LAUSD Teachers Face Layoff Notices



On Tuesday, March 10, 2009, the Los Angeles Board of Education voted to send layoff notices to some 9,000 LAUSD teachers.  Hundreds of teachers and students showed up at the meeting to protest the lay-offs.  One of them was Alex Caputo-Pearl, lead teacher at the Social Justice and Law Academy at Crenshaw High School.  Below is his account of what happened.

Amidst crisis, United Teachers Los Angeles (UTLA) has come upon a moment in which it can most crystallize what it means to be a social justice union.  The union has the opportunity to wage a direct, impactful, and widely public fight around class size, school reform, high-needs schools, and the status of newer teachers – a direct fight that has the potential to build alliances with thousands of parents, students, union members, and community organizations.

A major step was taken down the road towards social justice unionism on Tuesday, March 10, when UTLA officers and rank-and-file organized a civil disobedience action to stop the LAUSD School Board from voting to lay off 10,000 employees, over half classroom teachers, with a significant portion being permanent employees, and over half being probationary contract employees.  Dramatic ripple effects of such lay-offs include a racially- and class-discriminatory impact on high-needs schools, which are harder to staff, depend more on probationary contract teachers, and would be disrupted more by lay-offs of probationary contract employees. 
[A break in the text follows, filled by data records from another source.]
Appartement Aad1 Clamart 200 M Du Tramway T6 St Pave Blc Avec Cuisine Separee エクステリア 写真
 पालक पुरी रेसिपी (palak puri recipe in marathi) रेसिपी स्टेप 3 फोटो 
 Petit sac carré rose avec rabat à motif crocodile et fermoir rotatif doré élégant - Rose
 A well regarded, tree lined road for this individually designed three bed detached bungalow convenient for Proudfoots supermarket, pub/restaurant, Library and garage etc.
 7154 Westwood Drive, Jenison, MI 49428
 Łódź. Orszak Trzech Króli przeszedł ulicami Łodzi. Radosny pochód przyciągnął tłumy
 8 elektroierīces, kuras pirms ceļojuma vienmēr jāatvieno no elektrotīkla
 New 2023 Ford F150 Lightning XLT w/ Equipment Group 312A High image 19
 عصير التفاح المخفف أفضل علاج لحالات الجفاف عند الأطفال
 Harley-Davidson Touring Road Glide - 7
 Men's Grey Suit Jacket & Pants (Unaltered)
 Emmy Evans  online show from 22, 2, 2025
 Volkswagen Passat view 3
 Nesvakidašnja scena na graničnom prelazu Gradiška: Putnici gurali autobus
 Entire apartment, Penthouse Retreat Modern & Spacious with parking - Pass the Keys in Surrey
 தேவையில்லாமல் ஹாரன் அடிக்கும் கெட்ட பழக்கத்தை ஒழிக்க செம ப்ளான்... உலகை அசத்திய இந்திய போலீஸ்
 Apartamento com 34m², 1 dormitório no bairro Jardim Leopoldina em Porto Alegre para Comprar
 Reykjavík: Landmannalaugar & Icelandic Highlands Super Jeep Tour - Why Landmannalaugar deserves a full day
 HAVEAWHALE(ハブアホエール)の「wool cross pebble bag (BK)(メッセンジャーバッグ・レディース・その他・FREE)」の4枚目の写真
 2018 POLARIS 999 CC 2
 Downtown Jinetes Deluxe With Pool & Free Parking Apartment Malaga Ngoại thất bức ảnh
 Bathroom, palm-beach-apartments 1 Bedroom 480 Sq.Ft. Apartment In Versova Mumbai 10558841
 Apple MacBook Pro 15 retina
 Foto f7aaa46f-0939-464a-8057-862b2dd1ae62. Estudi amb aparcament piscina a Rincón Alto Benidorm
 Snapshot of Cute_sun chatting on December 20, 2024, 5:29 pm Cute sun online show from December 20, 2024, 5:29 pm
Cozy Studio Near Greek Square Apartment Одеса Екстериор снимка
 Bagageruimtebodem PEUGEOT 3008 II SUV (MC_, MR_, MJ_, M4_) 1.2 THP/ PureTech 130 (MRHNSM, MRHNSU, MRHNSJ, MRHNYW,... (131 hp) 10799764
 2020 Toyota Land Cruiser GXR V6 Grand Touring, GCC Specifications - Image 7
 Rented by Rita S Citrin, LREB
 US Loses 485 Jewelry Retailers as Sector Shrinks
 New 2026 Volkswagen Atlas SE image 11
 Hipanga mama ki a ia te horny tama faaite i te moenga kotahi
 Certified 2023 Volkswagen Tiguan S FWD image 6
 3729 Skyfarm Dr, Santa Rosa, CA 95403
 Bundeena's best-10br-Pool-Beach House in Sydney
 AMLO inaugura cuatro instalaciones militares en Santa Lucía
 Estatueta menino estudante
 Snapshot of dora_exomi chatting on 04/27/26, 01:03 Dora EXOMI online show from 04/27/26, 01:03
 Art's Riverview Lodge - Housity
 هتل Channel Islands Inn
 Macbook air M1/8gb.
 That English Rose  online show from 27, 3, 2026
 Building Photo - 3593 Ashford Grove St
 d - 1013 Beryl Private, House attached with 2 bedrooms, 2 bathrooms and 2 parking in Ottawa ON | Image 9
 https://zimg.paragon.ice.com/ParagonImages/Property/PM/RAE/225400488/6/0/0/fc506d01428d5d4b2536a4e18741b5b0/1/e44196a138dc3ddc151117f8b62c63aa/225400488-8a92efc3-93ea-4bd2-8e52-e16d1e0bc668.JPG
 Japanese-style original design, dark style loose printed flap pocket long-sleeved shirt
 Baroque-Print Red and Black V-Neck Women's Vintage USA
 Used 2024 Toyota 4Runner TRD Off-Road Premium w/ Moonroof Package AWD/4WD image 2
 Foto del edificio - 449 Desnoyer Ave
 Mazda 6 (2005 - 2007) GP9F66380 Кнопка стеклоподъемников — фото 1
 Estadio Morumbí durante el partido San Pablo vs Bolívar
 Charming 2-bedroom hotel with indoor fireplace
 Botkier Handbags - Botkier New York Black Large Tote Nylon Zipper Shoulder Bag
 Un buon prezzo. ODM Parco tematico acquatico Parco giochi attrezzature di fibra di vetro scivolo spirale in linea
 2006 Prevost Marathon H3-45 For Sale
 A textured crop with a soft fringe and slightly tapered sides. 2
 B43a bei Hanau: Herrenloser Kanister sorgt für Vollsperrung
Lay-offs would balloon class sizes and issue a direct attack on innovative school reforms, which often occur with the deep involvement of newer, probationary contract teachers.  The Southern California economy would have to withstand more unemployment in a time of economic crisis.

On March 10, Los Angeles and the country (CNN and other stations carried the story) got a glimpse of what a fight around these issues could look like. 

Two hundred teachers and parents of all ages disrupted the School Board meeting in the middle of the work day and refused to leave, calling for the Board not to vote for lay-offs.  The Board eventually left, and the police cleared the room except for those 60 willing to be arrested.  Dozens of media cameras, microphones, and reporters encircled the protesters.

Parents and teachers gave speeches about their stories — to each other and to the media.  Probationary teachers, majority teachers of color, stood up and spoke about their commitment to the students, their direct involvement in reform in high-needs schools, and their overall anger about being threatened.  Parents and grandparents from ACORN spoke on their commitment to work with teachers and to defend public education, and their perspective as working class parents whose families depend upon public services.

The protesters received word that the Board had, in private chambers that would raise legal questions, voted 5-2 in favor of the lay-offs, class size increases, and destruction of reform.  In part because of the presence of the media, the police refused to arrest the protesters.  Though the defeat of the Board vote weighed heavily on people’s shoulders, the protesters could already get a sense of the tactical victory that would come with the expansive media coverage, generally sympathetic to the teachers and parents.  And, the arrests of these leaders could be saved for another day soon.  

The day culminated when the protesters marched out, greeted by hundreds of supporters and even more media.  The picture perfect arrival of 70-80 students from the Coalition for Educational Justice chapters at LA High, Crenshaw, Dorsey, and Washington high schools (all high-needs schools) was a highlight — with the students coming in strong with their own independent chants and artistic banners, a clear understanding of the issues, and unbounded energy.

Now, UTLA and its allies have a chance to build on this.  Small guerilla actions are happening where District offices are being "pink slipped," parent/community forums are happening, and there is talk of a one-day, illegal strike.  In this crisis, the fight to protect the most vulnerable is necessary — and, it is also a golden opportunity to teach ourselves, our students and their families, and the public about what a transformation to a social justice union could really look like.